### TASK REQUIREMENTS
A verbatim reproduction of the lines below, from the line containing "Cleaner with Tools" through the line containing "Thumbnail: 2019 Chevrolet Corvette - 9", both ends included, is the whole required output.
--- GIVEN RECORDS ---
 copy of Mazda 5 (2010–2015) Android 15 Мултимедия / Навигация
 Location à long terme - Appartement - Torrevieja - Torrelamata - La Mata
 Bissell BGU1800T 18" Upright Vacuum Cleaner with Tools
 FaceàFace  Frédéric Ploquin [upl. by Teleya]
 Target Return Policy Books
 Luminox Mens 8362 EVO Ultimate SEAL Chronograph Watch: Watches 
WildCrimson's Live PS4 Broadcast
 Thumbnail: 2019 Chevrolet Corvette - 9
---
--- GIVEN RECORDS ---
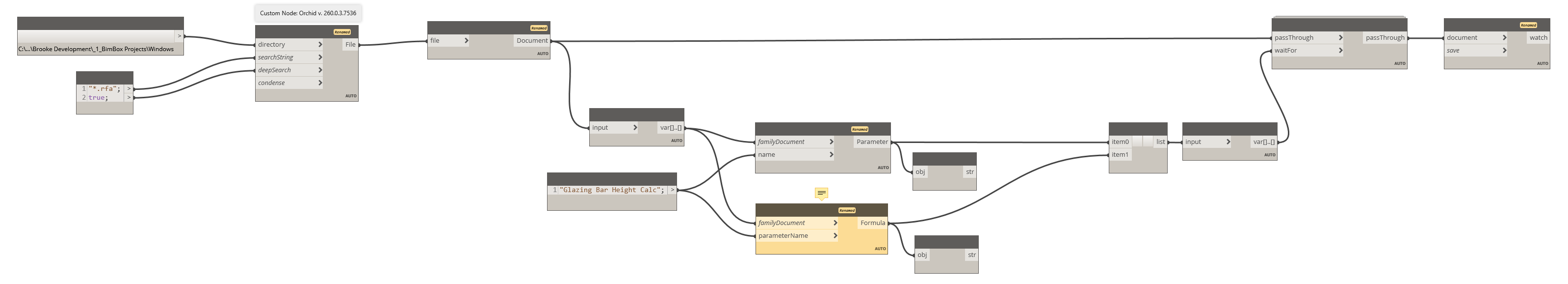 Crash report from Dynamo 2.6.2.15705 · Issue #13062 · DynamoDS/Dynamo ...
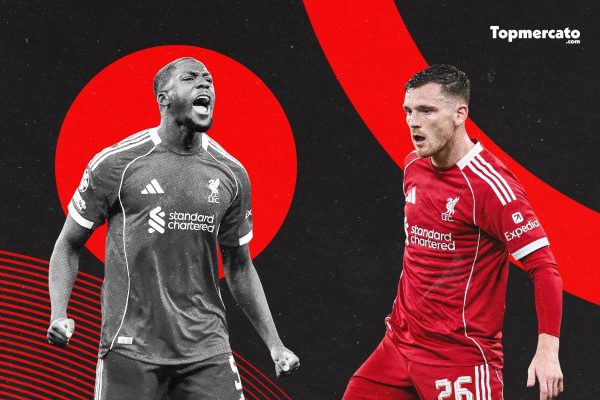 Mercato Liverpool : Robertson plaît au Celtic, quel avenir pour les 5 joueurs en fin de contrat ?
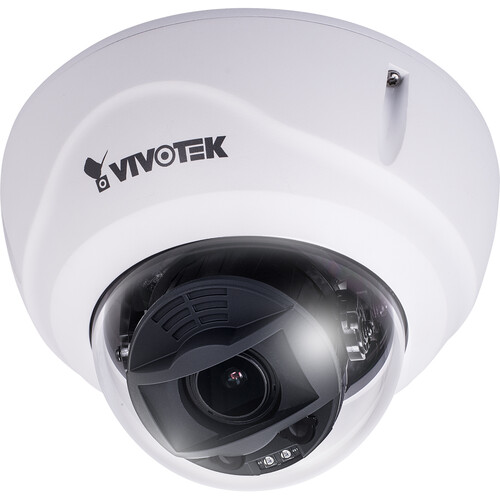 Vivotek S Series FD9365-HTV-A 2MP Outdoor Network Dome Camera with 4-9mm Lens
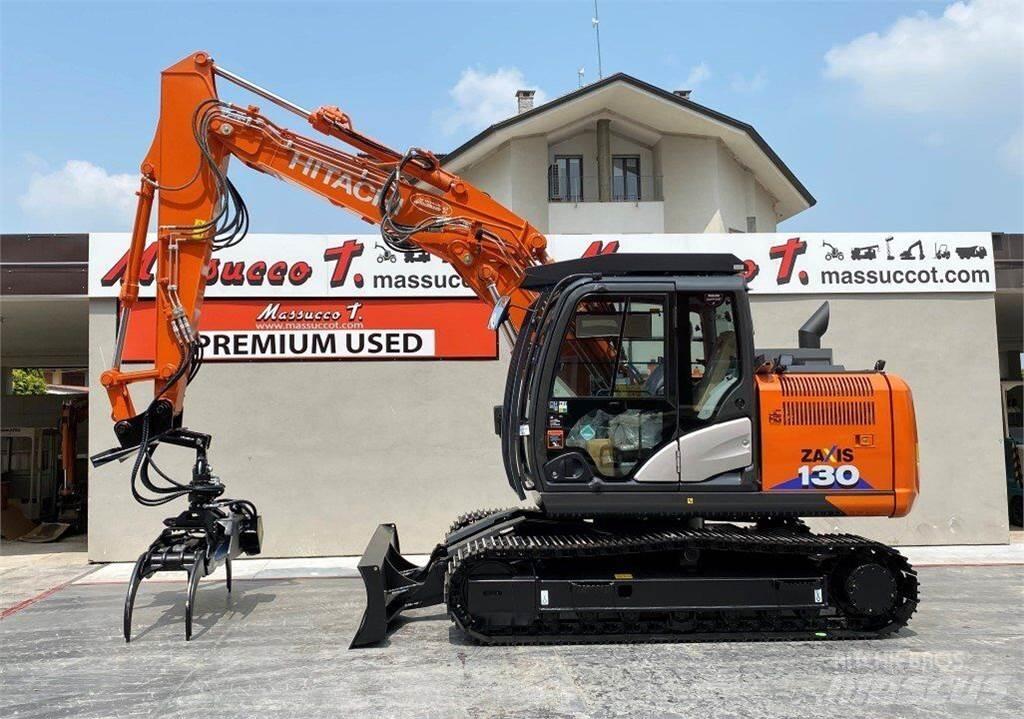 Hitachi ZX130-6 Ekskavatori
---
--- GIVEN RECORDS ---
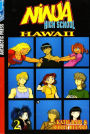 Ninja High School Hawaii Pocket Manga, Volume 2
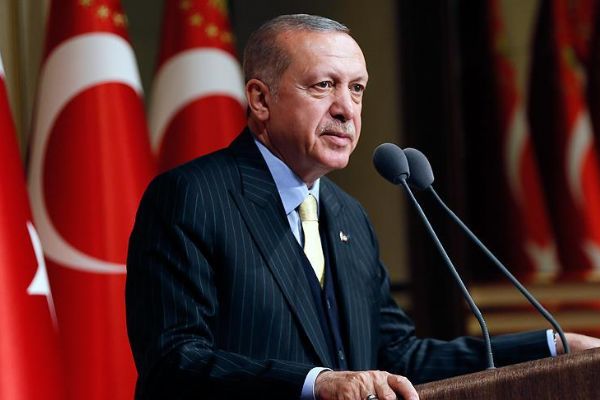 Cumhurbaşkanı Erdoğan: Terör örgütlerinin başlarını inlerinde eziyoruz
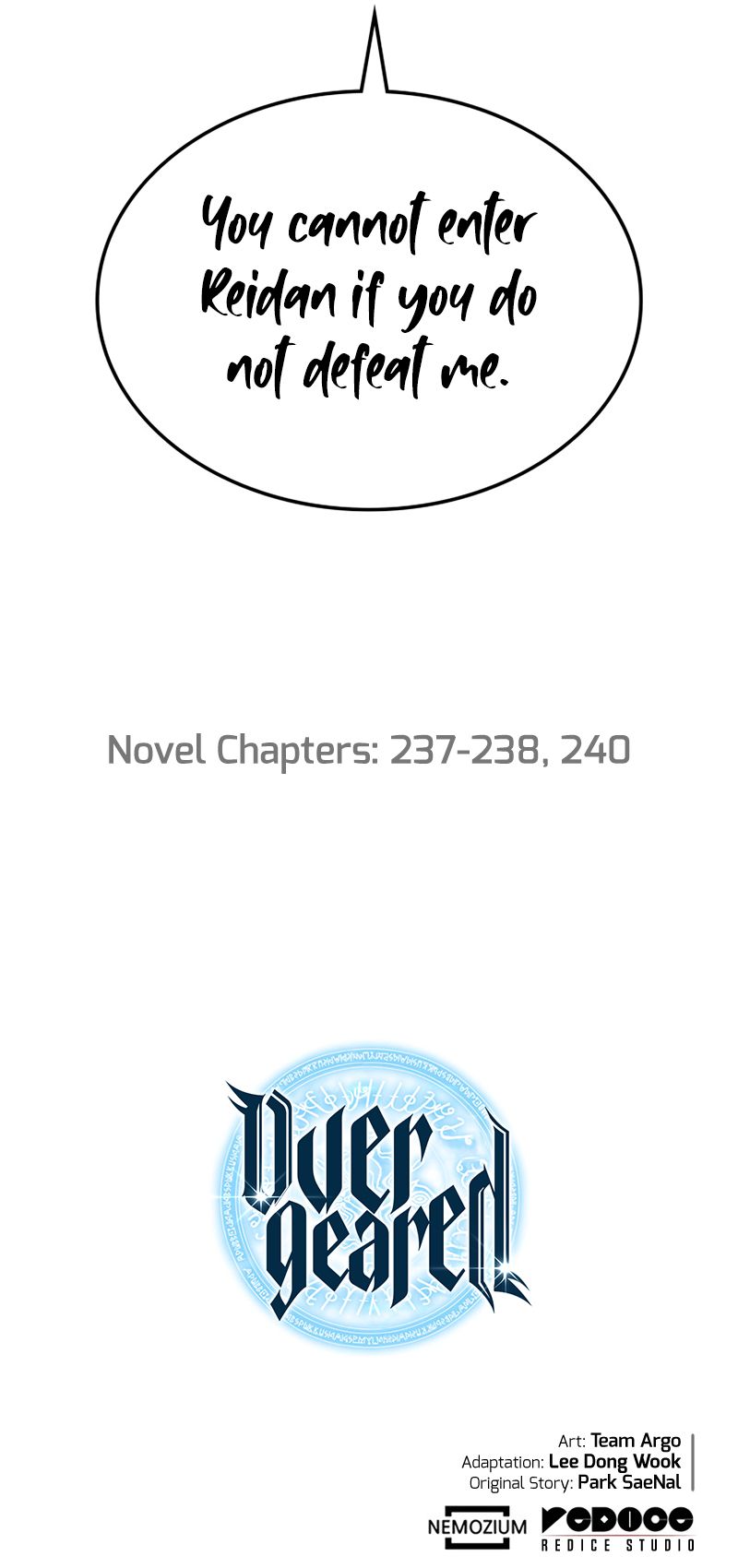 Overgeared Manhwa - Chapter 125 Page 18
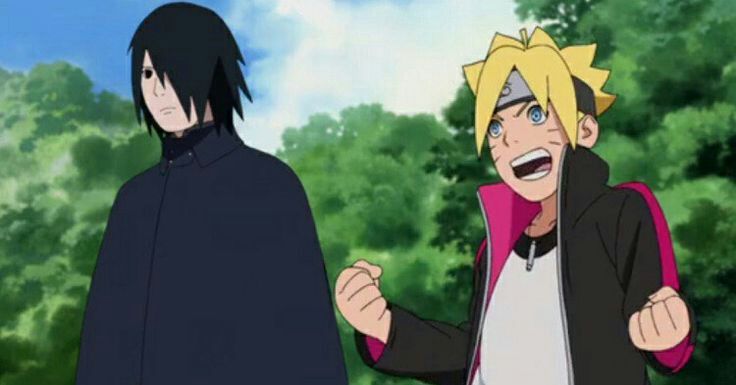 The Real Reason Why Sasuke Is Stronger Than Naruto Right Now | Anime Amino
---
### RESPONSE TO THIS TASK
 Bissell BGU1800T 18" Upright Vacuum Cleaner with Tools
 FaceàFace  Frédéric Ploquin [upl. by Teleya]
 Target Return Policy Books
 Luminox Mens 8362 EVO Ultimate SEAL Chronograph Watch: Watches 
WildCrimson's Live PS4 Broadcast
 Thumbnail: 2019 Chevrolet Corvette - 9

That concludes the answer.